Search the entries for lines that contain the word "sold", and report each one found.

++++++++++++++++++++

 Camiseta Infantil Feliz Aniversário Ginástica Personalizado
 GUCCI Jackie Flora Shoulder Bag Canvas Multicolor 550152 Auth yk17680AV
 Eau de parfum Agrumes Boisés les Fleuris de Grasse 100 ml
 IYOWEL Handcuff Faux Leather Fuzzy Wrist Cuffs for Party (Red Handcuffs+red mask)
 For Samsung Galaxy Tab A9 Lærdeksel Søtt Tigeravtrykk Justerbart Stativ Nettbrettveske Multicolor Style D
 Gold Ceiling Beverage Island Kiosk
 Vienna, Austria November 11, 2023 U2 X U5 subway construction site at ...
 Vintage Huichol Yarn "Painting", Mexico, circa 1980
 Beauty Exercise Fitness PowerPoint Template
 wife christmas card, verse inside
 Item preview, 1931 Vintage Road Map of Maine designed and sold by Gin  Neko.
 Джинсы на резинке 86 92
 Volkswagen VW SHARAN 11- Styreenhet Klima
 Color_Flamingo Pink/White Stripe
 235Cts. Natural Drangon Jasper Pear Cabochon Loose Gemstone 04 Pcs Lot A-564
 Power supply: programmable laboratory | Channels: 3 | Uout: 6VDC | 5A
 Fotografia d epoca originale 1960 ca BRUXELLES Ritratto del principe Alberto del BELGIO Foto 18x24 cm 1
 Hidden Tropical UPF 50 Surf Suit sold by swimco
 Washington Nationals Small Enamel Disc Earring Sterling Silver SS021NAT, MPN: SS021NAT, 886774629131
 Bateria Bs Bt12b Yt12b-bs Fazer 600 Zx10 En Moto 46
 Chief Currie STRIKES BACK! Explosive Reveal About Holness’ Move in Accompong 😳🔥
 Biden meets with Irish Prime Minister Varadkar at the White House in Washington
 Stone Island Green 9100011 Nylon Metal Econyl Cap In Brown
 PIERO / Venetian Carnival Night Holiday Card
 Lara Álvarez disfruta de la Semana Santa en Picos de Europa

++++++++++++++++++++

**Your solution**
 Item preview, 1931 Vintage Road Map of Maine designed and sold by Gin  Neko.
 Hidden Tropical UPF 50 Surf Suit sold by swimco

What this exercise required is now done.